Thursday, May 5, 2016

Ramps & Nettles...Welcome To Spring

Ramps In The Woods
by Andrea Yoder

I find it rather ironic that we ship food in from faraway lands when we have so much available to us….literally in our back yard!  Springtime in our region brings forth a variety of plants that are the first to break free from their winter hibernation and remind us that there is hope for warm days and green food to nourish us.  Ramps and nettles are two of our favorite “Wild” spring foods that help us transition from winter to spring.

It’s funny to see how both of these vegetables have become more well-known and familiar to many over the past 10-20 years.  It is no longer uncommon to see features about ramps and nettles in major culinary magazines such as Saveur, Bon Appetit and Food & Wine.  But how did so many people come to know and appreciate the culinary value in both of these “wild” foods?  Well, in the Midwest part of the credit goes to our own Farmer Richard who originally gave ramps away at the farmers’ market!  That’s right, he couldn’t sell them so he gave them away with hopes that people would give them a try!

Harvested Ramp Bunches
Ramps are the onion-like vegetable in your box that has a bright green, rounded leaf that resembles a lily leaf.  The base of the ramp is similar to a green onion, although it becomes more bulb-like as it matures.  They are sometimes referred to as “wild leeks” and are found growing on North-facing hillsides early in the spring.  They have a short season of availability ranging from 3-4 weeks on average, hence the necessity to get your fill and eat as many as you can when they are in season.  When people ask me what a ramp tastes like, I usually just tell them the taste is, well, RAMPY!  While they can be used in ways similar to a green onion, they are special in their own way.  Some of the most common ways to use ramps include making pesto or incorporating them into pasta and egg dishes.  Ramps do pair well with other spring vegetables and foods such as spinach, mushrooms, sorrel and nettles.  They also pair well with eggs, cream, cheese, bacon, roasted & grilled meats to name just a few.

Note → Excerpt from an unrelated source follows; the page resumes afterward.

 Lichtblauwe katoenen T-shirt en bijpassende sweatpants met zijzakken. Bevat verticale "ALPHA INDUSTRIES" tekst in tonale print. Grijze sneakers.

Ramps, and the leaves in particular, are delicate and should be eaten sooner than later.  Store ramps in a plastic bag in the refrigerator.  If you are going to keep ramps for several days, it’s a good idea to wrap the leaves in a paper towel to absorb excess moisture.  You can use the entire ramp with the exception of the small root end which should be trimmed away.  The leaves can be used to make pesto, added to salads, wilted into eggs, pasta, soup, etc.  If you do a quick internet search you’ll find a plethora of recipes to fit your fancy including ramp gravy to serve over biscuits, bacon & ramp vinaigrette, dumplings, potstickers and more!

Antonio Harvesting Nettles
So now on to nettles.  Lets get the uncomfortable part of this conversation out of the way first.  Yes they are the stinging kind, which is why we put them in a plastic bag for you.  Nettles are the bunched green that has pointy leaves, is dark green in color and is packaged in a plastic bag.  Nettles have little fibers on the stems that contain formic acid which will give you a “stinging” sensation if you touch them before they are cooked.  This is their own built-in defense mechanism which helps them survive in the wild.  We wash them vigorously before we pack them in your box and did put them in a plastic bag so you can handle them pain-free until you cook them.  Vigorous washing helps take some of the sting away, but we still recommend you only eat them after cooking.  You only need to cook them in boiling water for a 1-2 minutes to remove the sting.  After that you can handle them with your bare hands without a problem.  When I prepare nettles, I first put on a pot of water, cover it and bring the water to a boil.  Next, I prepare a sink of cold, clean water.  Using the bag to hold onto the stems of the bunch, I carefully remove the twist tie and drop the nettles in a sink of water.  I use a pair of tongs to swish the nettles for a final washing.   When the water is boiling, use the tongs to transfer the nettles from the sink to the pot of boiling water.  Boil for 1-2 minutes.  You’ll notice the color will change from a bright green color to a gorgeous emerald color.  Carefully remove the nettles from the pot of water, put in a colander and run cold water over them to stop the cooking.  Note, do not discard the cooking water.  Once cooled, squeeze the nettles to remove excess water.  Now they are ready for use.  You can remove the leaves from the main stem, or chop the stem finely and use everything.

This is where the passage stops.